11 mars [1849], lundi matin, 7 h. ½
Bonjour, mon doux bien-aimé, bonjour ; que le sommeil te soit bienfaisant et qu’il te montre en rêve la pauvre femme qui t’aime comme son ange consolateur, te bénissant et appelant sur toi et sur tous ceux que tu aimes toutes les joies et tous les bonheurs de ce monde.
Je vais aller à Saint-Mandé [1] ce matin ; j’espère et je suis presque sûre d’être revenue assez tôt pour te conduire. Cependant si je devais avoir le malheur de te manquer je veux préparer avant de m’en aller tout ce qu’il te faut : du bouillon pour ton estomac et l’eau pour tes yeux. Il me semble que ce que je te prépare moi-même s’imprègne du désir et de la volonté que j’ai de te faire du bien. C’est pourquoi je tiens tant à ne pas laisser faire toutes les petites choses qui sont destinées à ta santé par d’autres que par moi.
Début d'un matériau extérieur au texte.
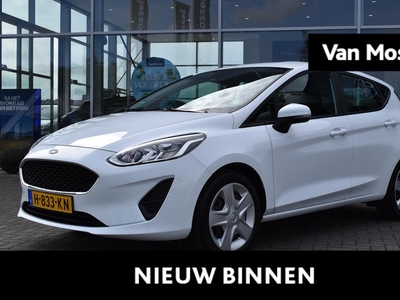 Ford Fiesta 1.0 EcoBoost Connected | Cruise Control | Airco | Navigatie | Apple Carplay/Android Auto |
C’est une superstition trop douce pour offenser le bon Dieu et j’y attache une très grande importance. Cher adoré, pense à moi quand tu te réveilleras, pense à moi quand tu verras auprès de toi ta belle famille heureuse, pense à moi toujours pour que les battements de mon cœur ne s’arrêtent pas. Je t’aime comme je te respire. Mon amour, c’est ma vie, mon bonheur, c’est toi.